__Description of the task__
Find the line with "Federal American Eagle" in the records below. Output exactly from there until after the line with "Cherry MX to", without pictures.

__Input records__
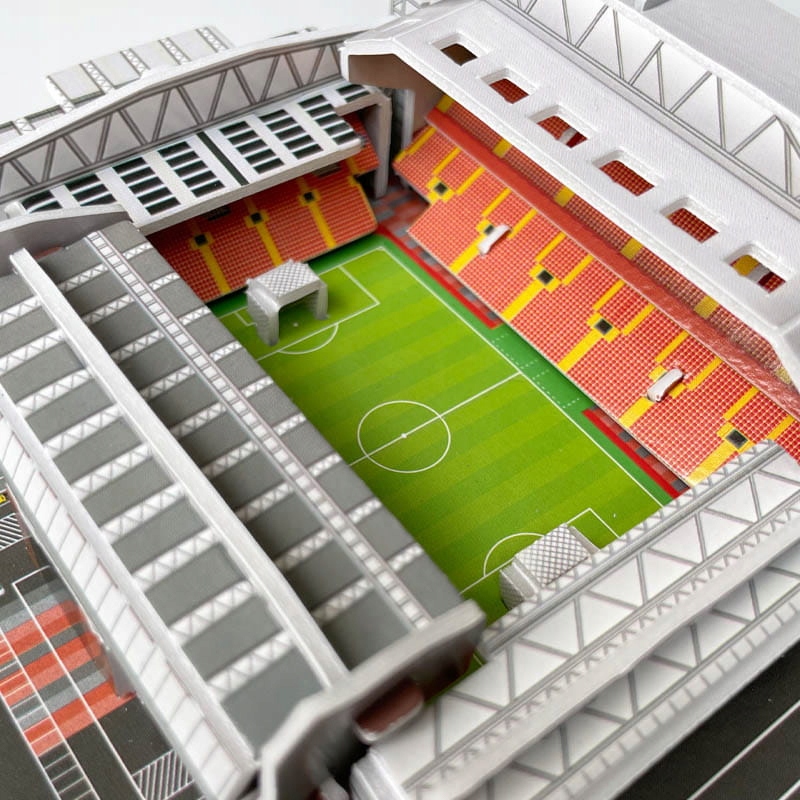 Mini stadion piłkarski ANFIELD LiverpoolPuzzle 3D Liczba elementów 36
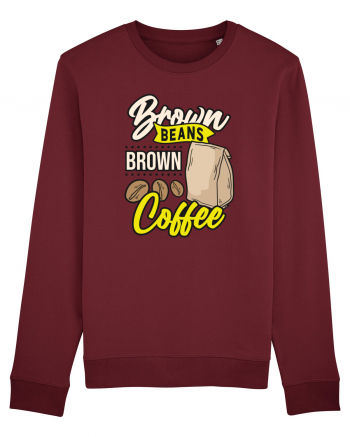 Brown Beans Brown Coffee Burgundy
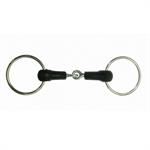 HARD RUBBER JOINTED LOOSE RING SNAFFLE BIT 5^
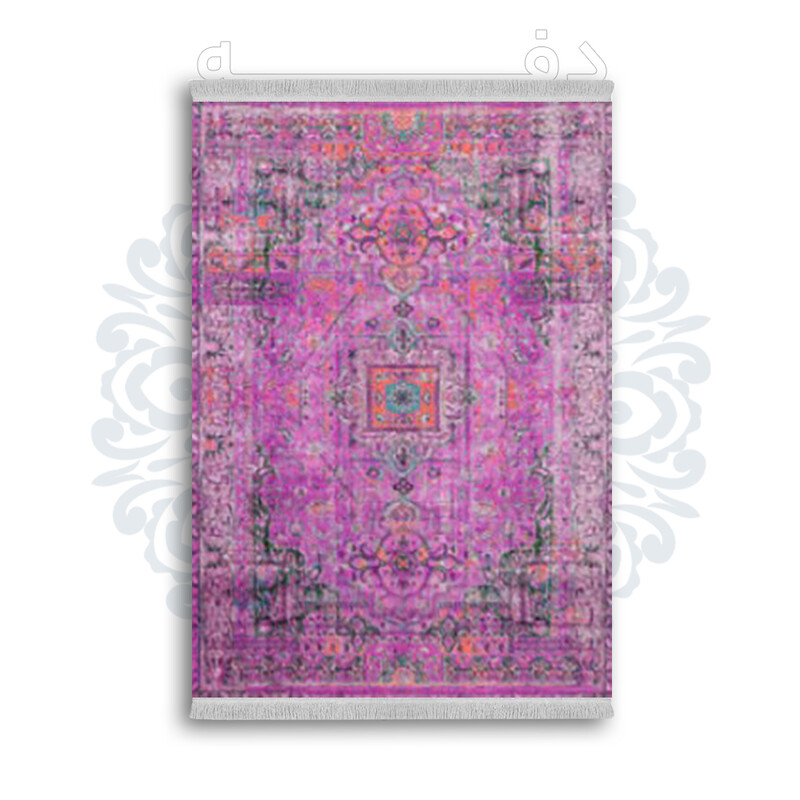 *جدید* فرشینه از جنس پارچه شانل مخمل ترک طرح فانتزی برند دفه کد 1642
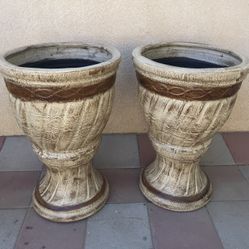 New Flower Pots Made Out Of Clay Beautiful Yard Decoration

...

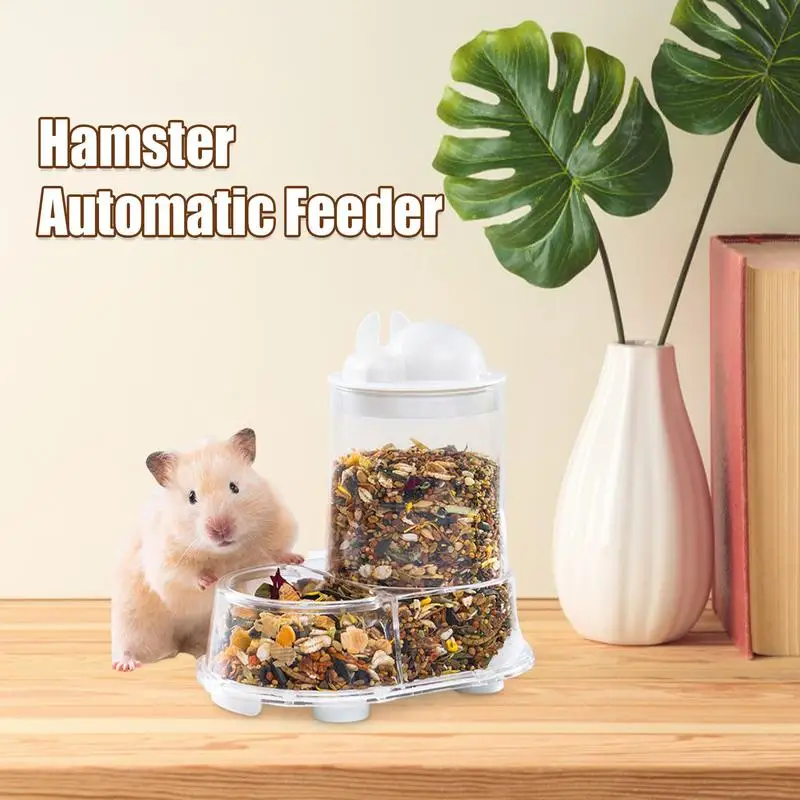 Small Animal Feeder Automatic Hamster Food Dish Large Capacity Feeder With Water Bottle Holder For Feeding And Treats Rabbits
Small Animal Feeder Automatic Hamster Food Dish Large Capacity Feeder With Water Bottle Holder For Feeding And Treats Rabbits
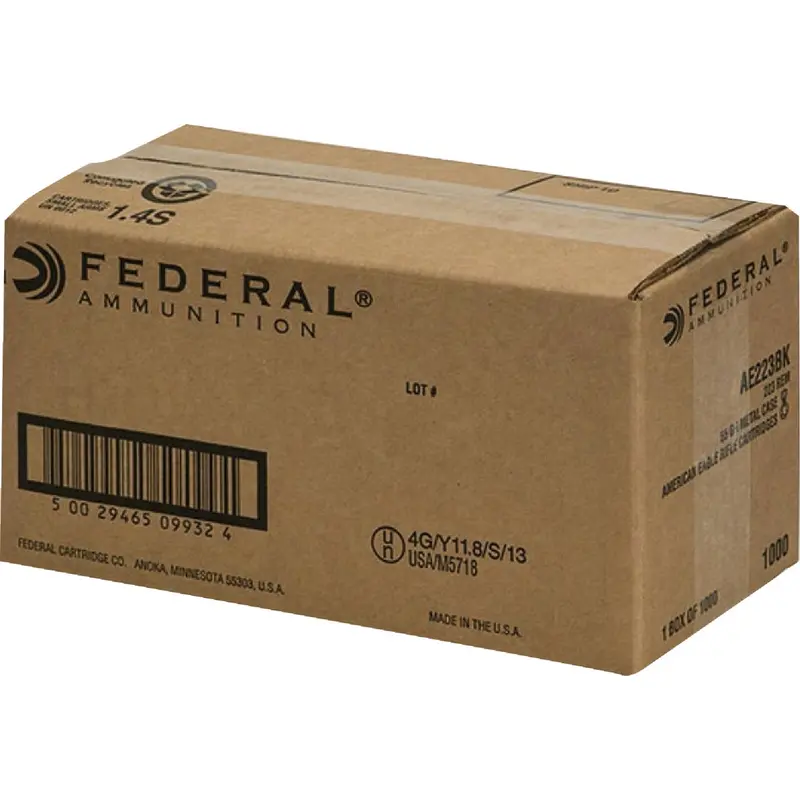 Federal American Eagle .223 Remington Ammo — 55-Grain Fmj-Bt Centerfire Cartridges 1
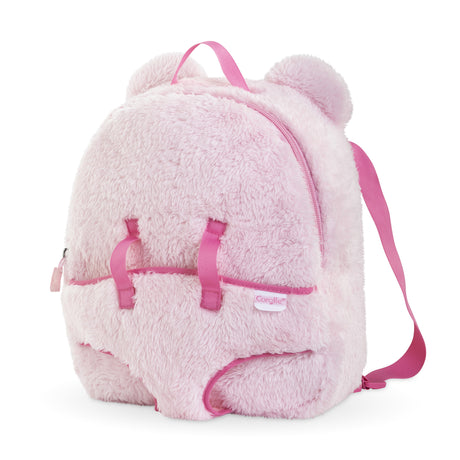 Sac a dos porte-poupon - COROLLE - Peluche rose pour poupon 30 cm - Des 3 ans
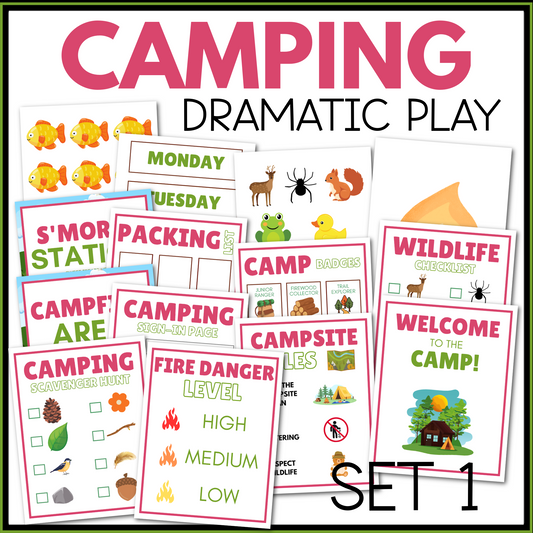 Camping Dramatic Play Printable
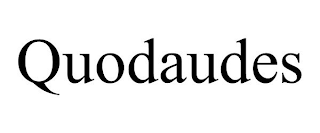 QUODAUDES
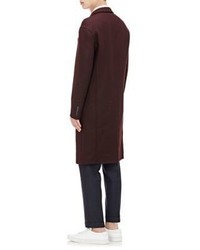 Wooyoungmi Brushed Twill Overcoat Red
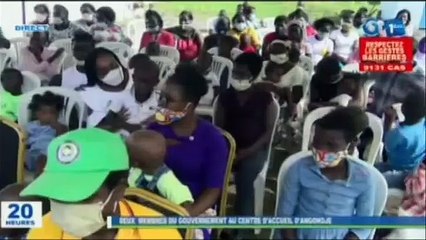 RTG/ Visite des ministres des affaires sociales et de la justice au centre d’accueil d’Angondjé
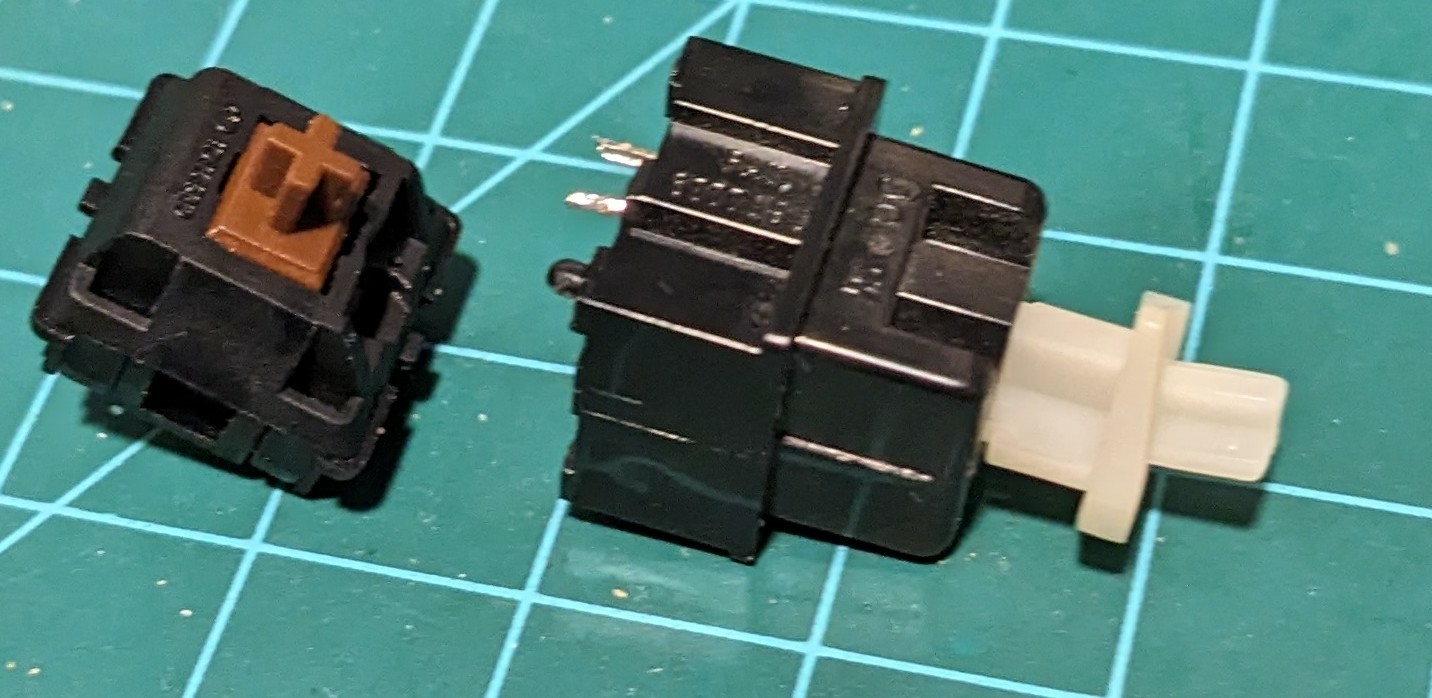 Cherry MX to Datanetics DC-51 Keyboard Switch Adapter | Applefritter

__Output of the exercise__
 Federal American Eagle .223 Remington Ammo — 55-Grain Fmj-Bt Centerfire Cartridges 1
 Sac a dos porte-poupon - COROLLE - Peluche rose pour poupon 30 cm - Des 3 ans
 Camping Dramatic Play Printable
 QUODAUDES
 Wooyoungmi Brushed Twill Overcoat Red
 RTG/ Visite des ministres des affaires sociales et de la justice au centre d’accueil d’Angondjé
 Cherry MX to Datanetics DC-51 Keyboard Switch Adapter | Applefritter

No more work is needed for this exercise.